Your company offers tour publicity. Can you share a tip for pushing awareness and sales in a city where the artist is not very well known?
With the demise of print media and daily papers and scant interest from local TV, social media becomes a key imperative in building a fan base from the ground up.
In terms of direct-to-fan marketing, what platforms do you see being most effective for jazz musicians at the moment?
An artist should be as socially relevant as possible with a goal of six figure fan engagement via FB which will trigger another level of analytics and opportunities.
Playlist connectivity via DSP’s (Spotify, Tidal, Apple, Qboz) is also key.
What’s the key to a long and successful career?
Having a support team on and off the bandstand is the best ingredient for longevity.

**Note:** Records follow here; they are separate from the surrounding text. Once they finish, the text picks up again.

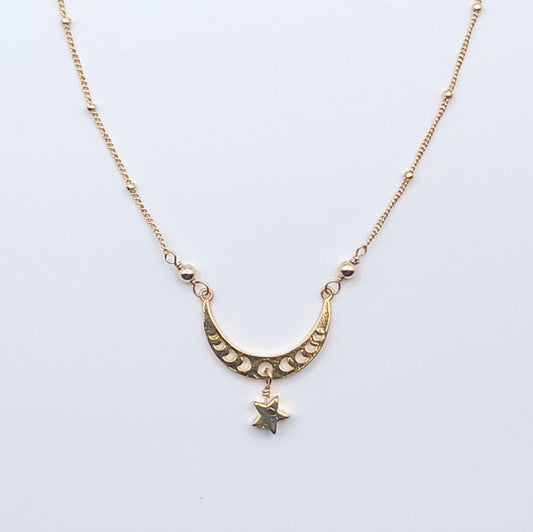 Gold crescent moon necklace with star charm pendant in celestial minimalist style on light background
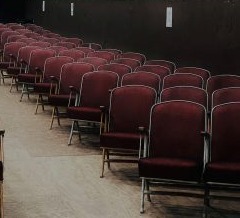Multiple rows of maroon velvet upholstered theatre seats aligned at the Buffalo Theatre in Pawnee.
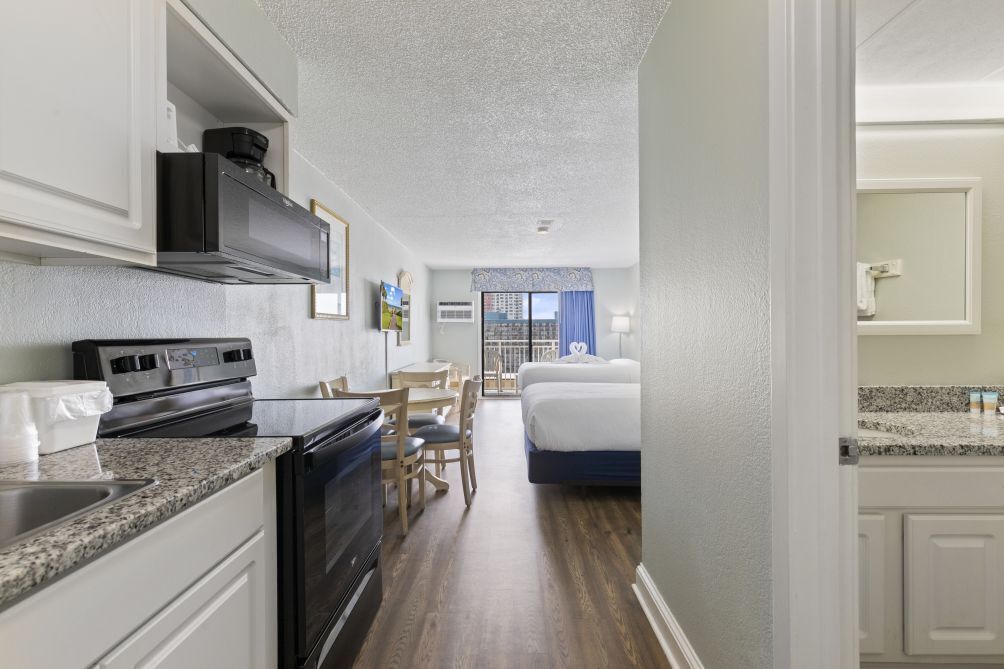 A compact hotel room with a kitchenette, a bed, a small table, and a chair.
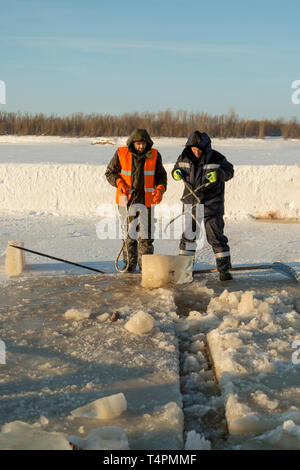Tirez le bloc de glace travailleurs hors du trou avec des pinces en acier Banque D'Images
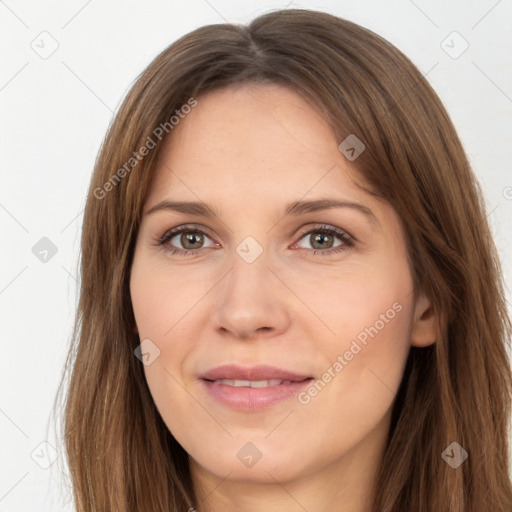 Joyful white adult female with long  brown hair and brown eyes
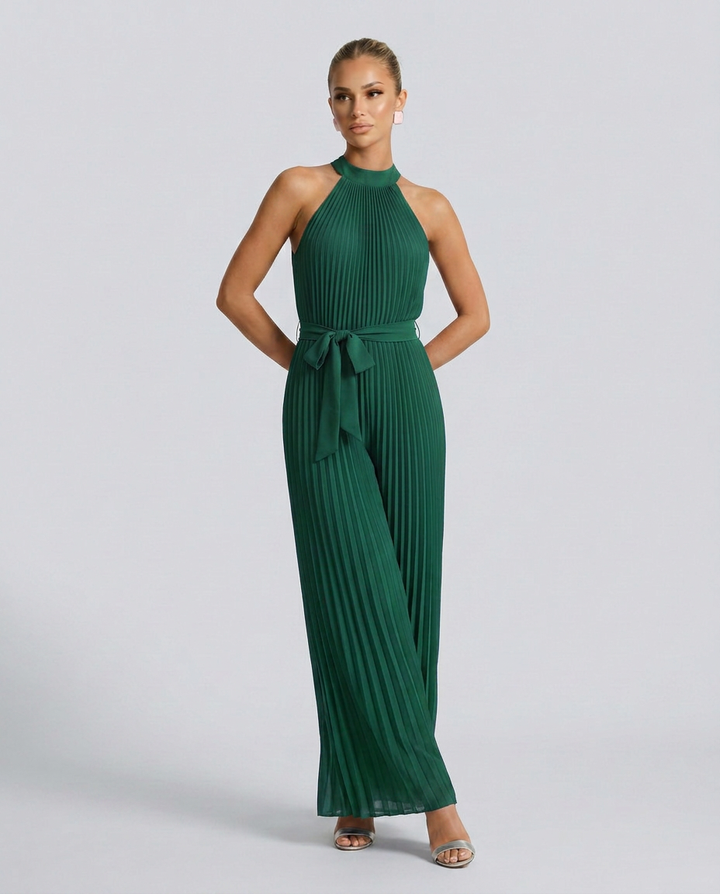 Woman wearing a green pleated jumpsuit on a light gray background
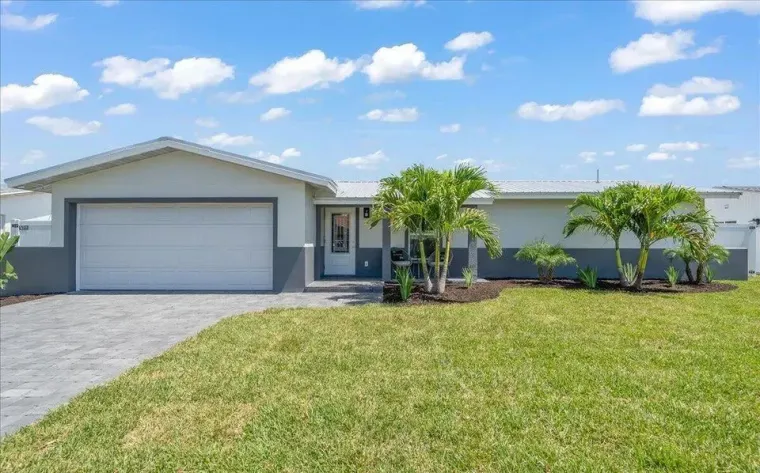 A single-story house with a grey garage door, white walls, and a green lawn under a blue sky.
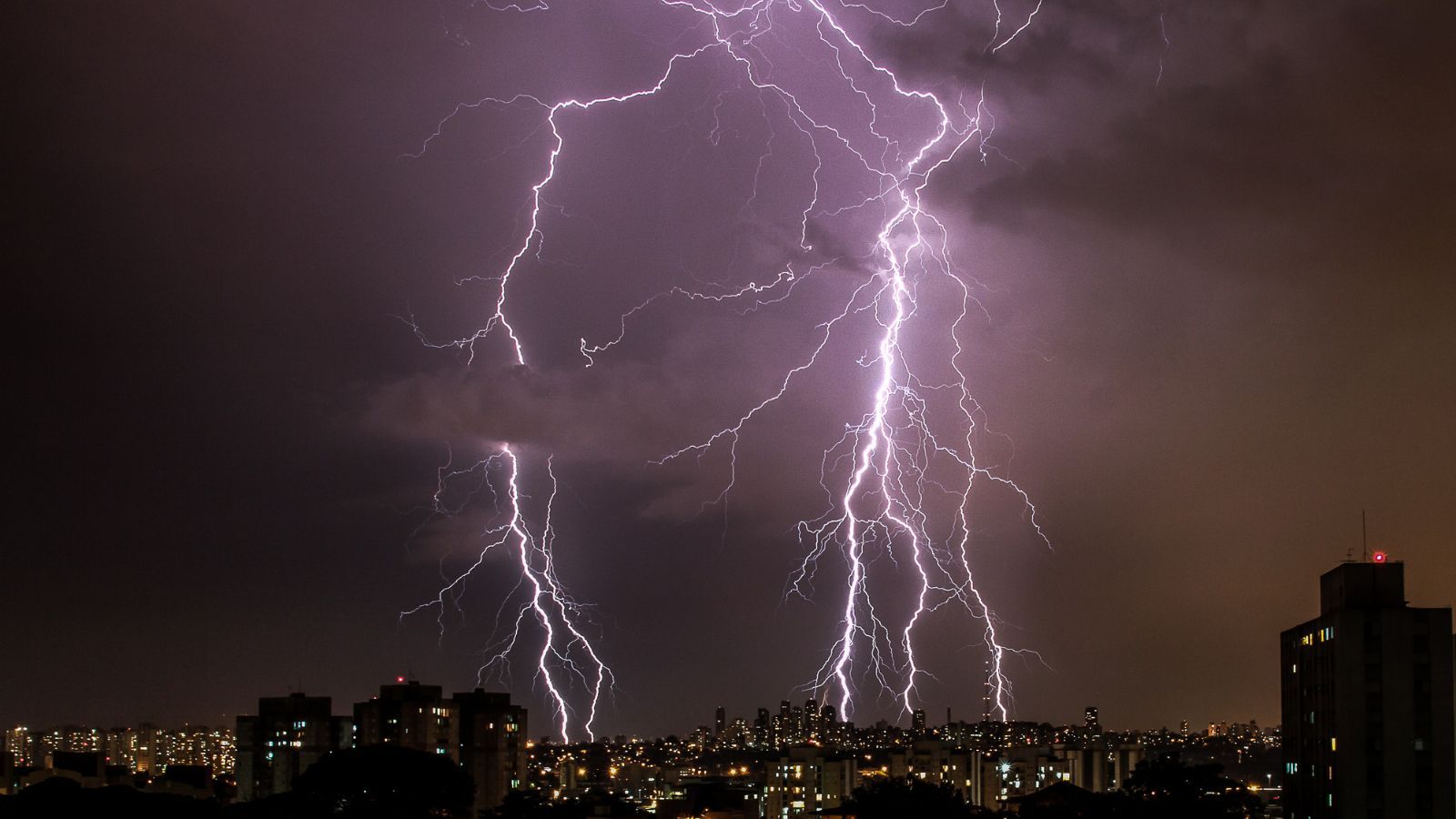 Mehrere Blitze über einer Stadt bei Nacht – Blitzgefahr auch in bebauten Gebieten.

Also mentorship and passing it on, as I have been fortunate to have some superstar employees who have successfully made their way over the decades – Monifa Carson Brown, Sonia Croker, JR Rich, Sophie Darve, Matt Merewitz, Loretta Malta, Amy Miller, Jordy Freed, Matt Jurasek, Maureen McFadden and now Candelaria Alvarado.
Being referred to as the Art Blakey of jazz publicists is a nice touch.
Well I played drums for four years but could not hold Bu’s sticks. But I was a die-hard Pirates fan so we shared our love for a great jazz city. Did you know the Bucs were the first team to field an all black and hispanic starting lineup in 1969?
If it was not for my wife, Maria Echeverria Lucoff who helped me start my business at the kitchen table in late 1988 when MCA abruptly closed their jazz division, frankly I would not have the success and longevity in life I enjoy today.